The fire extinguisher idea scares me a little only because my luck someone would grab the powder bottle by mistake and i'd really have a ghost walking on stage, and not a happy one at that

I think I might head towards the split screen image idea, I can hide the front projector in a doghouse down stage. Any Ideas for the fabric walls ? and I was thinking for the little sparkly lights I use fishline with small mirrors attached and can shimmer with light as he steps through and onto the platform, maybe downlight with an intense beam...

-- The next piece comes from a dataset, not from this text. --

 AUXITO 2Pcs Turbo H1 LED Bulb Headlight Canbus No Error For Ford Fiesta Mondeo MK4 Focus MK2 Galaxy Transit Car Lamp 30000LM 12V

Thanks again for all the ideas

Sean...


----------



## FatherMurphy (May 27, 2011)

Here's another low-tech possibility - get a piece of mylar rain curtain, and tie it to a circle hung horizontally just over the set's top edge, with slits in the wall on at least one side. Start with rain curtain upstage, during the transport effect turn the circle and curtain so it comes through the slit on one side so it's downstage of the wall, actor enters upstage of rain curtain, and then rain curtain goes back offstage, revealing actor.

Otherwise, the VNSP downlight seems like a cheap and effective method, perhaps combined with mylar coins in a small snowbag.


----------



## ruinexplorer (May 29, 2011)

I love Pepper's Ghost, but the biggest challenge is getting the audience in the narrow field of vision where it works well. If you can find the Magic's Secrets revealed (masked magician) where they do the PG effect (girl turns into the magician or something like that), you will see how off it can be if you are observing it from the wrong angle. If you've ever gone to the Haunted Mansion at a Disney theme park, you have a great example of PG in action. 

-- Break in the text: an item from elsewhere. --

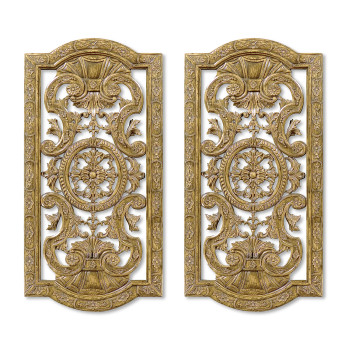 Pair Natural Oak Renaissance Style Panels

I'm thinking that if you have a midstage traveller, part way open with a scrim immediately upstage and a drop or set piece upstage of that to resemble the transporter room. If you project the transporter room onto the scrim and then crossfade the projection and the light behind the scrim (maybe some sort of strobe or other effect either from the projector or other light source). Have a momentary blackout with the scrim to fly out to just above head height and have the VIP step out into a followspot or general wash while closing the midstage traveller.


----------



## MercyTech (Jun 7, 2011)

I am doing this effect as well, and I have had good luck with my initial tests.

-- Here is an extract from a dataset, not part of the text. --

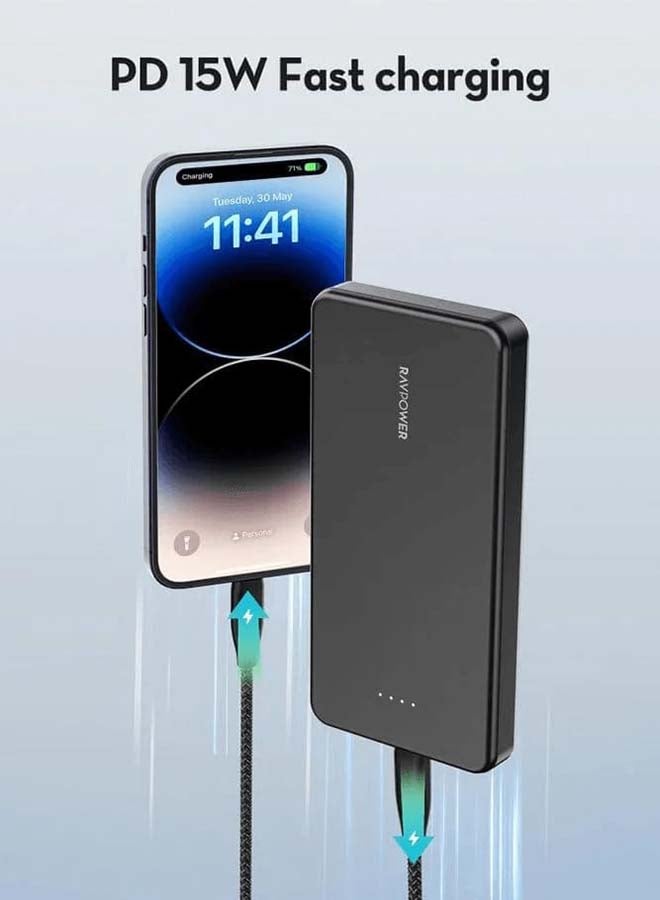 RAVPOWER 10000 mAh RP-PB1215 15W 3-Port Power Bank|18 Months Warranty Black  - Image 2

I am having the actors stand on stage (this is for beaming onto the planet) in total darkness, and I am projecting the transporter effect onto their bodies. I have made custom masks from photos taken from the projectors' lens location.

The hard part is that the actors have to be right on the mark.

Then I simply fade the projection down and fade the lights up.
It looks pretty good. I will upload a video soon.

Tim


----------



## Scarrgo (Sep 2, 2011)

Opening Day has come and gone, and The Transporter Room was a big hit. I was not totally happy with the outcome but we only got to rehearse it twice on Monday, and than on Wednesday morning had two crew changes, with no rehearsal. But in the end the boss was happy.
The joy of live theater....
I hope you enjoy...




Sean...


----------



## Nelson (Sep 3, 2011)

Now THAT is cool! Nice work, especially for such a small budget!


----------



## Scarrgo (Sep 3, 2011)

Thanks, I think I spent $48 on the screen, used 4yrds of white Rayon spandex stretched top to bottom. Two projectors shooting the same image, cross faded from front to rear. A 19 deg straight down w/twinspin (Apollo) out of focus. and some little tiny mirrors on fish line lifted up as they appear, than dropped as the lights restored...and as my daughter would say "Tay Dahhhhh"

Thanks

Sean...


----------